TASK STATEMENT :: An exact, picture-free copy of the listing is required.

*** SUPPLIED MATERIAL ***

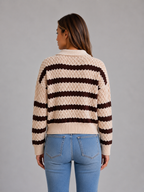 Striped Polo Jumper – Textured Knit Sweater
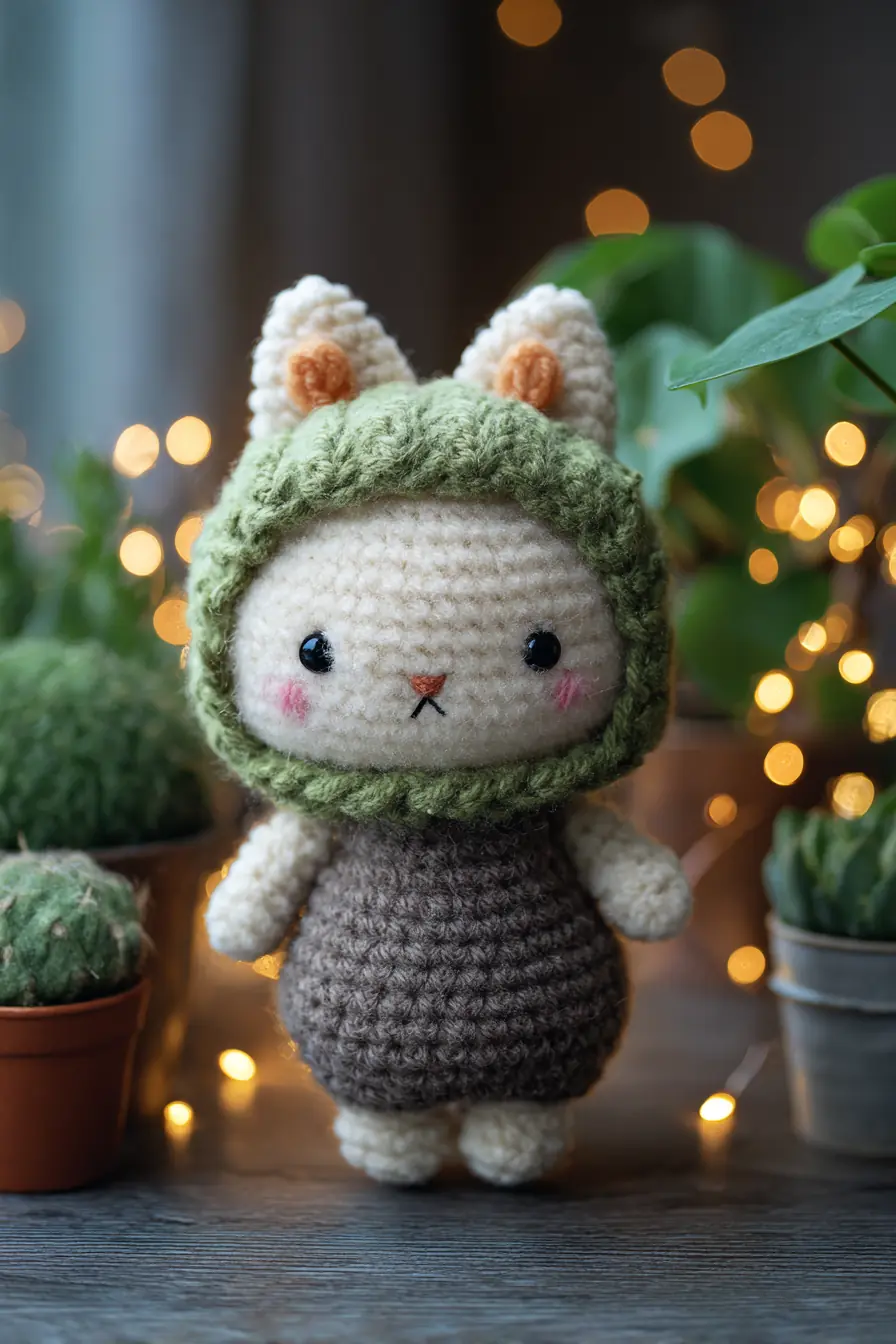 Hooded Bunny Amigurumi Crochet Pattern — Cute Doll with Ears & Hood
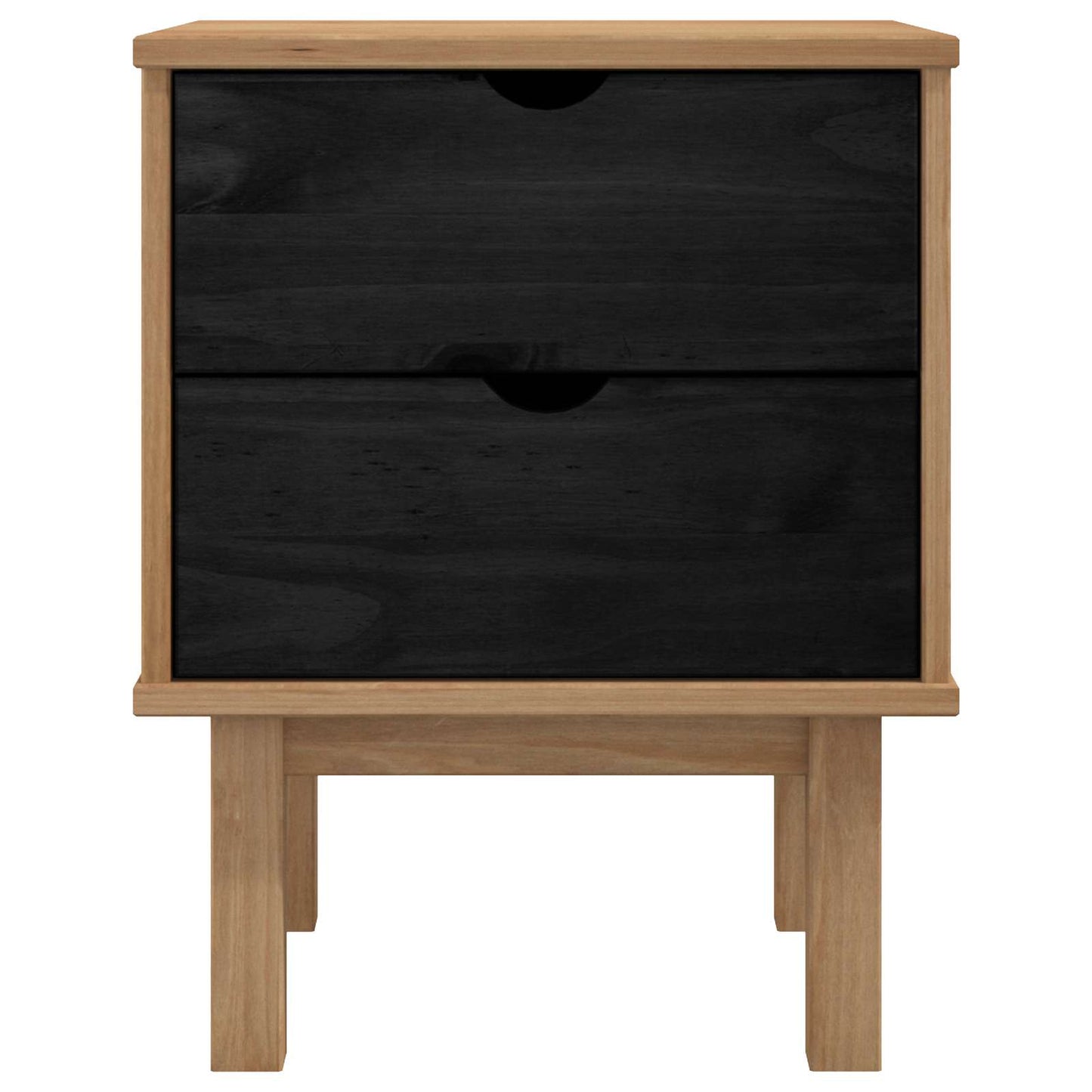 Sengebord OTTA Sort 45 x 39 x 57 cm Massivt fyrretræ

*** End of SUPPLIED MATERIAL ***

ANSWER SECTION ::
 Striped Polo Jumper – Textured Knit Sweater
 Hooded Bunny Amigurumi Crochet Pattern — Cute Doll with Ears & Hood
 Sengebord OTTA Sort 45 x 39 x 57 cm Massivt fyrretræ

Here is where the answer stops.